As for the much-touted benefit of remote production – a central production facility using remote feeds via IP – Chalmers says it is still a solution looking for a problem.
One reason is dealing with high latency in the gallery: can the director actually direct the crews, or are they forced to simply react?
Then there is the human aspect of remoteness: production teams want to be in the venues to be able to develop face-to-face rapport with the crew, to speak to talent, and generally be immersed in the event to bring the story to the audience as well as possible.
However, both Brown and Chalmers see benefits to the remote production approach at the low end. “It’s interesting because you can increase the level of coverage from a low-budget approach – a couple of fixed cameras along with a single operator,” says Chalmers.
“Picking up the long tail of less popular sport, this can allow lower-cost coverage of these types of things on a live-streaming budget. Much more of this type of content will be available at a price point that makes it achievable.”
Bringing IP products to the market
A number of manufacturers are creating products for the long tail enabled by remote production.
NewTek director of product marketing Will Waters says: “This is a transitional time. For example, football clubs who may have a total audience of 30,000 need to produce good-looking content at a reasonable cost. They can’t afford the traditional build-out model, and IP-based solutions can help to deliver this.”
According to Waters, the move to IP is “a beneficial change, like the move from tape to file-based workflows”. He adds: “It’s an enhancement to the way stories are told and how they are made. We are working on changing the workflows to take advantage of what’s possible with IP.
“IP allows multiple protocols and standards to be delivered on the same wire, which makes it incredibly flexible and enhances workflows.”
NewTek’s approach is to deliver software-based products built on general computing hardware, made possible thanks to IP technology.
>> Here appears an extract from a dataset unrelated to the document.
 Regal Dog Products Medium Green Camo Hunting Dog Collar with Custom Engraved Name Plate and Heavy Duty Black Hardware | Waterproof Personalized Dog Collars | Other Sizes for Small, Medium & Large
“Our products have talked natively IP for a long time,” he says. “We are using a design philosophy of ‘inside looking out’, starting with the control room, allowing things to expand with new elements added via IP and software. New-Tek is developing tools aimed at production for a new generation of viewers who are used to internet video.”
Ian Daniels, a test environments lead at BT TV, is an old hand at using IP in broadcast. “BT has been putting SDI over IP for years,” he says. “There is lots of work done for reliability, recovery, and latency. We can’t drop a frame.
“I can’t wait for the day I can keep it in the IP domain all the time. All the conversions going on are adding complexity. The massive advantage of end-to-end IP is that you reduce the complexity. IP also allows you to begin to use commodity equipment, which is an order of magnitude cheaper than dedicated SDI hardware.”
He points out the challenges presented by working with different partners. “We’re a business that’s built on standards. There are some challenges in trying to keep everybody working together. We don’t want to end up in a world where there are 14 ways of doing something.”